Method
======
Here the considerations taken in combining the datasets and defining the test are outlined
.. include:: toolchain.rst
Strategy
--------
The current approach considers BSM models in the light of
existing measurements which have already been shown to agree with SM
expectations. Thus this is inherently an exercise in limit-setting
rather than discovery. The assumption is that a generic,
measurement-based approach such as this will not be competitive in terms
of sensitivity, or speed of discovery, with a dedicated search for a
specific BSM final-state signature. However, it will have the advantage
of breadth of coverage, and will make a valuable contribution to physics
at the energy frontier whether or not new signatures are discovered at
the LHC.
In the case of a new discovery, many models will be put forward
to explain the data (as was seen for example :cite:`PhysRevLett.116.150001` after the 750 GeV
diphoton anomaly reported by ATLAS and CMS at the end of 2015 and start
of 2016 :cite:`ATLAS-CONF-2016-018,CMS-PAS-EXO-16-018`).
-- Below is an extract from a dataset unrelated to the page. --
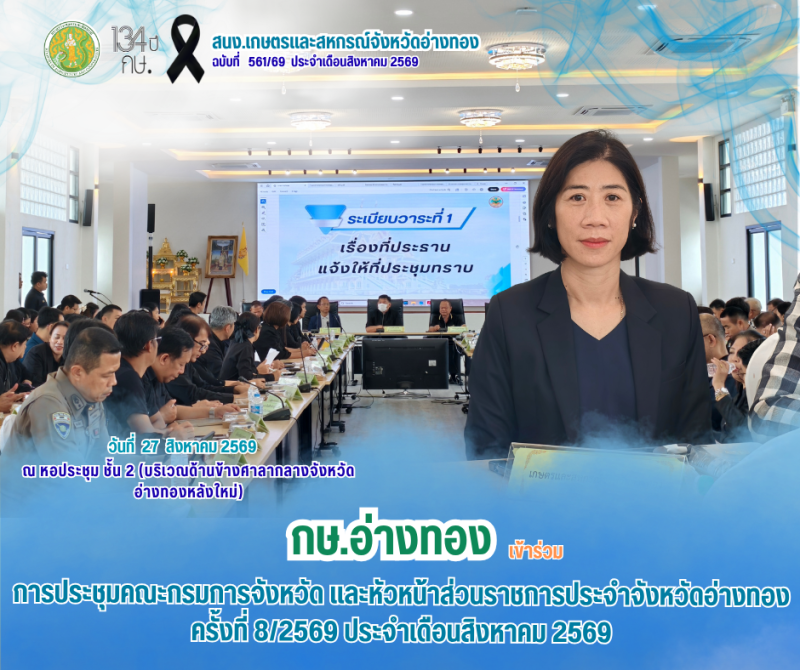 การประชุมคณะกรมการจังหวัด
Checking these models for consistency with existing measurements will be
vital for unravelling whatever the data might be telling us.
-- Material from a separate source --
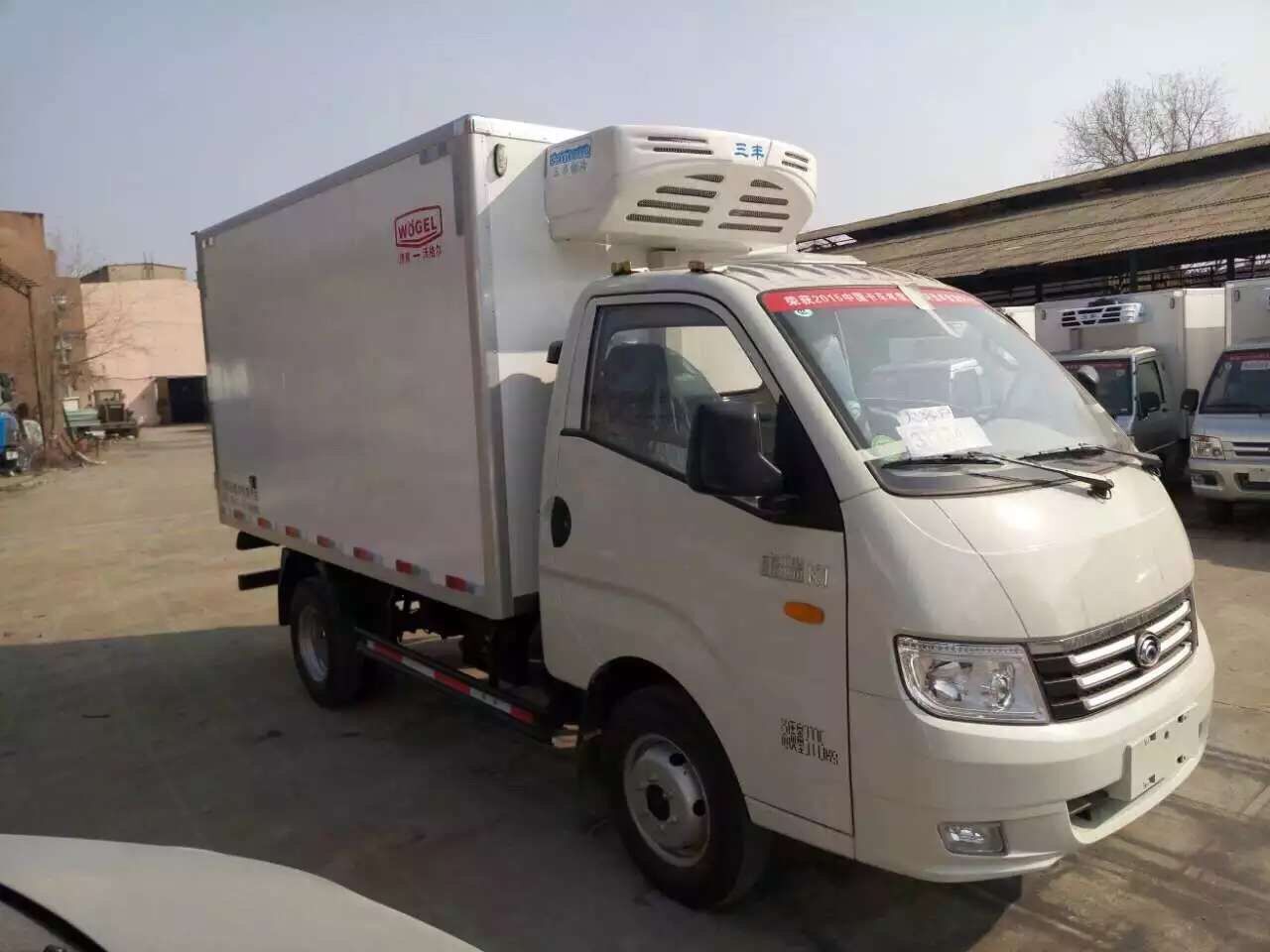 福田康瑞K1小型冷藏车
Models designed to explain one signature
may have somewhat unexpected consequences in different final states,
some of which have already been precisely measured.
If it should turn out that no BSM signatures are in the end confirmed at the LHC, Contur offers
potentially the broadest and most generic constraint on new physics,
and motivates the precise model-independent measurements
over a wide range of final states, giving the best chance of an indirect
pointer to the eventual scale of new physics.
Dynamical data selection
------------------------
We define a procedure to combine exclusion limits from different
measured distributions. The data used for comparison in come in the form
of histograms (or 2D scatter plots), some of which carry information about the correlations
between systematic uncertainties.
There are also overlaps between event samples used in many different measurements,
which lead to non-trivial correlations in the statistical uncertainties.
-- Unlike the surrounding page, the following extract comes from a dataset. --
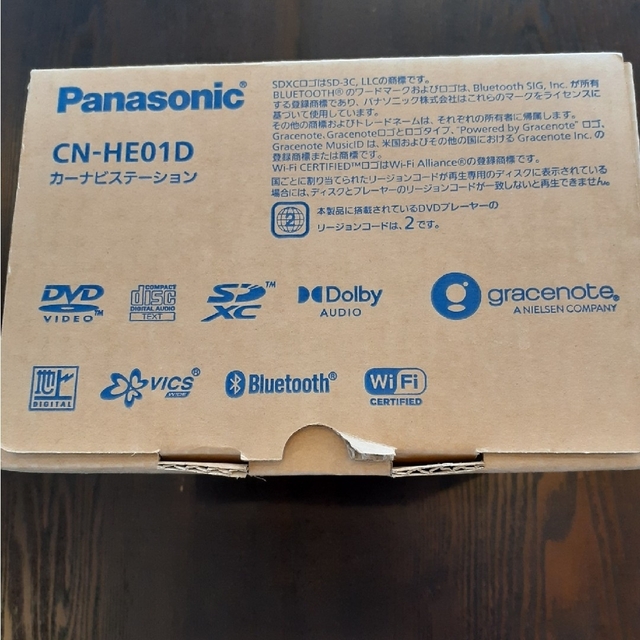 Panasonic - パナソニックカーナビ ストラーダ CN-HE01Dの通販 by ぽん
To avoid spuriously high exclusion rates due to
multiply-counting what might be the same exclusion against several
datasets, we take the following approach:
#. Divide the measurements into groups that have no overlap in the event
samples used, and hence no statistical correlation between them.
These measurements are grouped by, crudely, different final states,
different experiments, and different beam energies (referred to as *pools*, see :doc:`data listing <../datasets/data-list>`).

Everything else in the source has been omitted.